Transcribe exactly the lines that fall between the one holding "Paisaje de Uçhisar" and the one holding "Williamspäron multi bordsduk", inclusive, from the entries below.
** Data for review follows **
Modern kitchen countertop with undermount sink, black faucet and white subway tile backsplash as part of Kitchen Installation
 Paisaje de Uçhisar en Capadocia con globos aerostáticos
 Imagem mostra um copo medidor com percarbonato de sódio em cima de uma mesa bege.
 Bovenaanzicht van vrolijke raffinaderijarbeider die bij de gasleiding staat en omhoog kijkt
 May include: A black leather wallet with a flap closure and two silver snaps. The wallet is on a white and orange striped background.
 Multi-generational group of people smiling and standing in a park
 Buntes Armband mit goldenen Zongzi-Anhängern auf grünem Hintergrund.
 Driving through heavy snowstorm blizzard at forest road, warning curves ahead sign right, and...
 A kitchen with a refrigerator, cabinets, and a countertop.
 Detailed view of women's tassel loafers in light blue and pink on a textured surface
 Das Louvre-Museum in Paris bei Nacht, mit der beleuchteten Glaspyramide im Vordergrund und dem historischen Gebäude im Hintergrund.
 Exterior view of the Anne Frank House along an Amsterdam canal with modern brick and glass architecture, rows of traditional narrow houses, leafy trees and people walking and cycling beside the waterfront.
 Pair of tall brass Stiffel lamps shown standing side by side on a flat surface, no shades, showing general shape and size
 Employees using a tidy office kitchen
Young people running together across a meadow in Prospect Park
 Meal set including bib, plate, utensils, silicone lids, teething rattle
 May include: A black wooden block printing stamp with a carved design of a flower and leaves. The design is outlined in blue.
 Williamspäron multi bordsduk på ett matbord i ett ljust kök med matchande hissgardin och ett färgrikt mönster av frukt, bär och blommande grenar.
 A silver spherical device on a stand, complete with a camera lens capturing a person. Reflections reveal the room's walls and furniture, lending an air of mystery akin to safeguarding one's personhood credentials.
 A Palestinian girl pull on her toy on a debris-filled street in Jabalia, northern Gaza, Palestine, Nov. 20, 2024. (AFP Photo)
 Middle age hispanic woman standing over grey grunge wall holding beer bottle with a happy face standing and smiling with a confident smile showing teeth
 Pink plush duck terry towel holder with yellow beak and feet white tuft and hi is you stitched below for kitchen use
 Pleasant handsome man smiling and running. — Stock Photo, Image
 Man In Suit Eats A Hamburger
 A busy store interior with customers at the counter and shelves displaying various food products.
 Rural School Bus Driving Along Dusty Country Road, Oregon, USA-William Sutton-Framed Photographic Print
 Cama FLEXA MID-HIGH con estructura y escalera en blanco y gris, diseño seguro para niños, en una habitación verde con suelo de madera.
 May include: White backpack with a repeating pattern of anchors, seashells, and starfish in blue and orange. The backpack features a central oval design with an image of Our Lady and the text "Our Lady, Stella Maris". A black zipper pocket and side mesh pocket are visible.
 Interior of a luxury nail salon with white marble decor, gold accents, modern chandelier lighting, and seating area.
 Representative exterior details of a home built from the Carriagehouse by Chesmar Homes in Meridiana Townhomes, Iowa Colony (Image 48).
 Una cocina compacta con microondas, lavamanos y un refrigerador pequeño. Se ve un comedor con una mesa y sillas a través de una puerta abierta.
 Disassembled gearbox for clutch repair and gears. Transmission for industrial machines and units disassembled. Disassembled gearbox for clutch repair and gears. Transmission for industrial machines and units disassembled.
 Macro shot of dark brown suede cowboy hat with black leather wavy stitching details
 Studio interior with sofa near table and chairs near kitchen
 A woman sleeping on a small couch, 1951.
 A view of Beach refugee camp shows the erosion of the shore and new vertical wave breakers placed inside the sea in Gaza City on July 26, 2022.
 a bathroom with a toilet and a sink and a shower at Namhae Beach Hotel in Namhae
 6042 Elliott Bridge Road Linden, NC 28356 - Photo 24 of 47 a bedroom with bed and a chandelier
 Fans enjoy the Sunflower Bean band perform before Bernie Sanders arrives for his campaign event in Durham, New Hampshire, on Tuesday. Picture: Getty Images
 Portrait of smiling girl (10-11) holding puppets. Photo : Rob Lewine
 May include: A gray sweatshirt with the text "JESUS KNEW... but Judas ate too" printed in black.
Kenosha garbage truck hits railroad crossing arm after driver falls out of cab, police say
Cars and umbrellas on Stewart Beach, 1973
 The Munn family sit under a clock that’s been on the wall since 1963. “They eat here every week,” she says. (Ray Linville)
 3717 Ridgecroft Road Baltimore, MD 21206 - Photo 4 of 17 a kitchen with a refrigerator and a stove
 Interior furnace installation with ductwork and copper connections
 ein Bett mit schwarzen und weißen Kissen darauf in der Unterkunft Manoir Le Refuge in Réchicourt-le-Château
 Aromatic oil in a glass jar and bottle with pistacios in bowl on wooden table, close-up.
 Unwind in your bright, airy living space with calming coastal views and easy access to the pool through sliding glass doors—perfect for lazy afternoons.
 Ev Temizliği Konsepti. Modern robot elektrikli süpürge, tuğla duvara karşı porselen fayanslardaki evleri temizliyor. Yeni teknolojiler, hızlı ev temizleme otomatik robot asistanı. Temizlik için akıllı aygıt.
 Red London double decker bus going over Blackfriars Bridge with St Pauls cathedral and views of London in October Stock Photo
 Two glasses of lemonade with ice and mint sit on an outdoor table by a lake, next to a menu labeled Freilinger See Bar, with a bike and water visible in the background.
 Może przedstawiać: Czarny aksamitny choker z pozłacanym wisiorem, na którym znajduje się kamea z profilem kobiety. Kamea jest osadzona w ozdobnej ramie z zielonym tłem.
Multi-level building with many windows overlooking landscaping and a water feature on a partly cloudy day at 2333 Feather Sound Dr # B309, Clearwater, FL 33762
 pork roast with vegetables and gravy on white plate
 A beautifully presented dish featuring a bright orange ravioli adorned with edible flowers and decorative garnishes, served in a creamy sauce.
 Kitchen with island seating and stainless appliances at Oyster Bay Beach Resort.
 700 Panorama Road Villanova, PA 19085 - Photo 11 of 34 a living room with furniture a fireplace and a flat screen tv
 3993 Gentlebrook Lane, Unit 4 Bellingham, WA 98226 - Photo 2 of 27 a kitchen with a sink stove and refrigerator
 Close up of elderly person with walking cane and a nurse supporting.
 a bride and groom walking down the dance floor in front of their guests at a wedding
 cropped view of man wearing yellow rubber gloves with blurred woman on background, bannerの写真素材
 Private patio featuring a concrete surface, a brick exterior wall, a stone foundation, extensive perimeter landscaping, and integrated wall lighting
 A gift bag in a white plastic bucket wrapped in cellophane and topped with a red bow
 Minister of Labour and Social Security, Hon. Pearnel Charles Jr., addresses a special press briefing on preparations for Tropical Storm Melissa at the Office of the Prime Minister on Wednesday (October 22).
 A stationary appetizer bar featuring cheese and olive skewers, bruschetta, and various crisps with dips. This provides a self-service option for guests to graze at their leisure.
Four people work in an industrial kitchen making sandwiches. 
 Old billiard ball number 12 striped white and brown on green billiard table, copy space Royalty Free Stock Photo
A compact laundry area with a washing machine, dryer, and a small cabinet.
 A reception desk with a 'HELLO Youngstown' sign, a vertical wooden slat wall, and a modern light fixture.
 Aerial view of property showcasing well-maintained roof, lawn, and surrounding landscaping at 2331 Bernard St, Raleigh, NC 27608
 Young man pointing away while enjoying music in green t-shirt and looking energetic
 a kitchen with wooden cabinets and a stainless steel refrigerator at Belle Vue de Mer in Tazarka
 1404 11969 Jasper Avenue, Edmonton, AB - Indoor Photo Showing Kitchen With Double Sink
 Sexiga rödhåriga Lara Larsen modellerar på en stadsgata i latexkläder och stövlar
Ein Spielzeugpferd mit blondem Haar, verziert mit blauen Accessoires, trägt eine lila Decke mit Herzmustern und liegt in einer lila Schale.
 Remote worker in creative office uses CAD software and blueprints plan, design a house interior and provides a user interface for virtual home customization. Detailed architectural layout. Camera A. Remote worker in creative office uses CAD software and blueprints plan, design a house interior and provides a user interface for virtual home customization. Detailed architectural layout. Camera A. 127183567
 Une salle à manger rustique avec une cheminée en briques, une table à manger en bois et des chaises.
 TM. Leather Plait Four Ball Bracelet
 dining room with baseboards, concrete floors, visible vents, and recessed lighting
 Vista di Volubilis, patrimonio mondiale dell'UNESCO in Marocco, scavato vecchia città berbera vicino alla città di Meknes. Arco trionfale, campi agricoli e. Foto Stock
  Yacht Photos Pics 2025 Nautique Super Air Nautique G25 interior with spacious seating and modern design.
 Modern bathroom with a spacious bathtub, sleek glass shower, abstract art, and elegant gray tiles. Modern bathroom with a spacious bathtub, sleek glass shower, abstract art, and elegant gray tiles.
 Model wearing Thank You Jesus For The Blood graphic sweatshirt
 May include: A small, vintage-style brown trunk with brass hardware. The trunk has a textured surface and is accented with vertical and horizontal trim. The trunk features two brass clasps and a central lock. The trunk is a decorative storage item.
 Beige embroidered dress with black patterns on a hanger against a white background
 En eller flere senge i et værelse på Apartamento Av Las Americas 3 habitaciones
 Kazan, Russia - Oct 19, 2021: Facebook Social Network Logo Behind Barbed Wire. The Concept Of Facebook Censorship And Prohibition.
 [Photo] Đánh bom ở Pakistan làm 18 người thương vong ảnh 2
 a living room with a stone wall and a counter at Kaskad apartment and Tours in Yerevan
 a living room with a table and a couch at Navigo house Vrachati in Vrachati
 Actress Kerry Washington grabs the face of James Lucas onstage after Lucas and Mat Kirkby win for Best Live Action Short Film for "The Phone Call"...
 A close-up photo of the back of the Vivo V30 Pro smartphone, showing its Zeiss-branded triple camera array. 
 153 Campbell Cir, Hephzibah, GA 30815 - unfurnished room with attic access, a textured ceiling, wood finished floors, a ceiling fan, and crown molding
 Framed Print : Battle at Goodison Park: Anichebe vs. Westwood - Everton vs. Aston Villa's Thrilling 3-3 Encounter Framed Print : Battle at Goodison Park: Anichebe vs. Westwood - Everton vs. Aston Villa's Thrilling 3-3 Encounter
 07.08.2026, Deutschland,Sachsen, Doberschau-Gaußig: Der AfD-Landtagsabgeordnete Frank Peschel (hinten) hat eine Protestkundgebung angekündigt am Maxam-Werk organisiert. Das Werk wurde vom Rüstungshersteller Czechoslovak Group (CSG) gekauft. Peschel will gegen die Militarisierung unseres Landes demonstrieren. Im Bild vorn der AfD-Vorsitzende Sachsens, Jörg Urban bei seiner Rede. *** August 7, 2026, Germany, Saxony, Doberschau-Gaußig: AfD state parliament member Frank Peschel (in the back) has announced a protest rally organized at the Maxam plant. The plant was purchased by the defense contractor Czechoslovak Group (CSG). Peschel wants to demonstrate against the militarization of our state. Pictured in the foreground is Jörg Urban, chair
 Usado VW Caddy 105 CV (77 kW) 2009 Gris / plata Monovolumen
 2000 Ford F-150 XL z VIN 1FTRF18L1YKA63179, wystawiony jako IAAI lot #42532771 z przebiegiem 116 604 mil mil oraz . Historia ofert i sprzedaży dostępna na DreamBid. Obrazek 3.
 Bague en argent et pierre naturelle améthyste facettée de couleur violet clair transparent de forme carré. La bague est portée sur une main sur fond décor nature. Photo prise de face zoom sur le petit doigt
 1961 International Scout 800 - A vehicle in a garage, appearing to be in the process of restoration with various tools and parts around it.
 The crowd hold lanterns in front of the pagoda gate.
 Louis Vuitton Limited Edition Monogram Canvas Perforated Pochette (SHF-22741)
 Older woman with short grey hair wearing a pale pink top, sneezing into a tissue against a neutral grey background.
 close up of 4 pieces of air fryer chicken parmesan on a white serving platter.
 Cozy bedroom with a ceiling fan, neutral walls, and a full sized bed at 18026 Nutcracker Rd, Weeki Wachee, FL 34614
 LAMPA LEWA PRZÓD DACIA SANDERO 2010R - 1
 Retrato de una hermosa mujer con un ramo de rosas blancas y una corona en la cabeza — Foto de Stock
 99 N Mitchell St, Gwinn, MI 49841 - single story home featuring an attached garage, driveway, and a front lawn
** End of Data for review **
--- Written response ---
 Paisaje de Uçhisar en Capadocia con globos aerostáticos
 Imagem mostra um copo medidor com percarbonato de sódio em cima de uma mesa bege.
 Bovenaanzicht van vrolijke raffinaderijarbeider die bij de gasleiding staat en omhoog kijkt
 May include: A black leather wallet with a flap closure and two silver snaps. The wallet is on a white and orange striped background.
 Multi-generational group of people smiling and standing in a park
 Buntes Armband mit goldenen Zongzi-Anhängern auf grünem Hintergrund.
 Driving through heavy snowstorm blizzard at forest road, warning curves ahead sign right, and...
 A kitchen with a refrigerator, cabinets, and a countertop.
 Detailed view of women's tassel loafers in light blue and pink on a textured surface
 Das Louvre-Museum in Paris bei Nacht, mit der beleuchteten Glaspyramide im Vordergrund und dem historischen Gebäude im Hintergrund.
 Exterior view of the Anne Frank House along an Amsterdam canal with modern brick and glass architecture, rows of traditional narrow houses, leafy trees and people walking and cycling beside the waterfront.
 Pair of tall brass Stiffel lamps shown standing side by side on a flat surface, no shades, showing general shape and size
 Employees using a tidy office kitchen
Young people running together across a meadow in Prospect Park
 Meal set including bib, plate, utensils, silicone lids, teething rattle
 May include: A black wooden block printing stamp with a carved design of a flower and leaves. The design is outlined in blue.
 Williamspäron multi bordsduk på ett matbord i ett ljust kök med matchande hissgardin och ett färgrikt mönster av frukt, bär och blommande grenar.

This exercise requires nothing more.